Tuesday, February 06, 2007

Sodaemun Prison


This is a remnant of what I saw...
I stepped out of the Dongnimmun Station at Seodaemun-gu, I did not have any idea as where my History lecturer would lead us to. It turned out that we were about to visit a prison museum which left me speechless even after I stepped out of it. Sodaemun Prison was built in 1907, mainly to imprison and torture Korean patriots who fought for the independence of Korea from Japanese Rule. Its name has been changed many times over the years: to Kyongsong Prison in 1908, back to Sodaemun Prison in 1912, Sodaemun Penitentiary in 1923, Seoul Penitentiary in 1950, Seoul Correctional Institute in 1961, and Seoul Detention Camp in 1967.

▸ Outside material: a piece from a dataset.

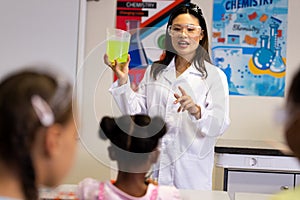 Diverse female teacher and schoolgirls with chemistry items and liquids in elementary school class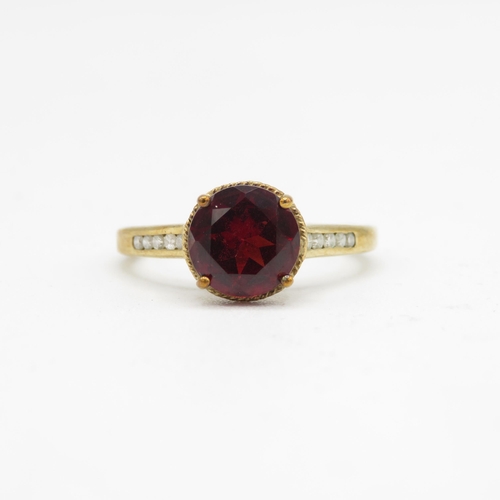 116 - 9ct gold garnet dress ring with diamond shoulders (2.6g) Size  N 1/2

It was raining at the time I got there at the Independence Hall. And never did I expect to see what was stored a bit further behind the park's museum-turned prison. What interested me was not only the fact that the museum cast the almost-real depictions of Japanese's cruelty in Korea during Japanese rule; but more than that, it raised me a question as to how this kind of museum could exist. This was simply because I had never seen the kind of museum about Japanese cruelty in Indonesia so vividly depicted as the one I saw in Sodaemun Prison.

I used to see the kind of Japanese rule diorama in Vrederburg Fortress in Jogjakarta but the Japanese rule was represented only by its Romusha--forced laborers during the Japanese occupation in World War II.

Nothing compared to what I saw there.